# [Exercise prompt]
Please give back, exactly as written, the lines from the line with "onion peeling machine, onion" to the line with "erithacus rubecula, robin" in the listing below, leaving out all pictures.

# [Records provided]
::::
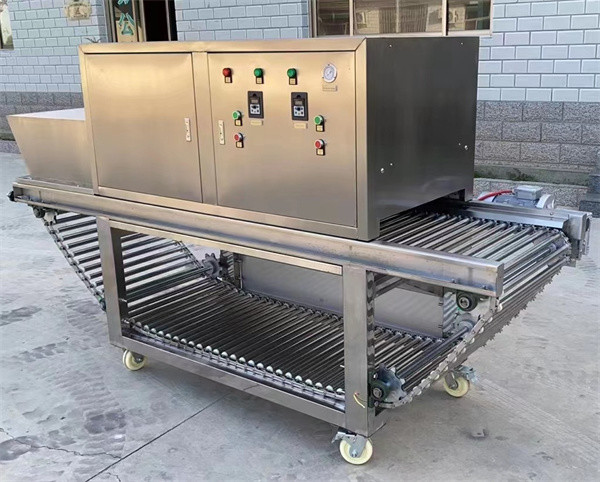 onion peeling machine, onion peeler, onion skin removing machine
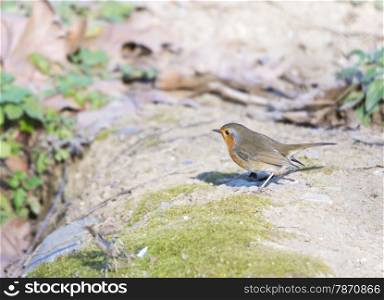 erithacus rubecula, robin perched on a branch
::::
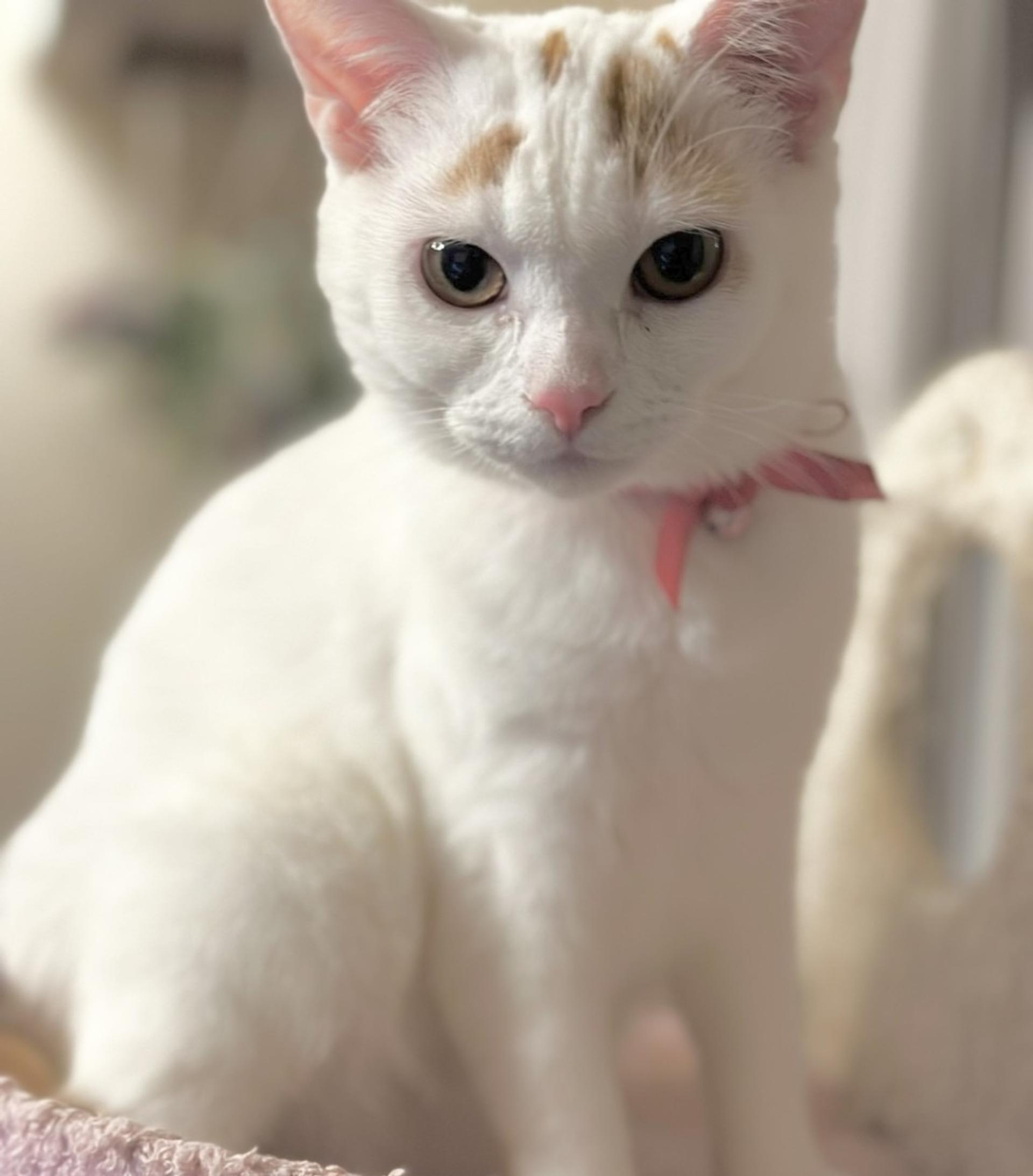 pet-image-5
::::
# [Answer below]
 onion peeling machine, onion peeler, onion skin removing machine
 erithacus rubecula, robin perched on a branch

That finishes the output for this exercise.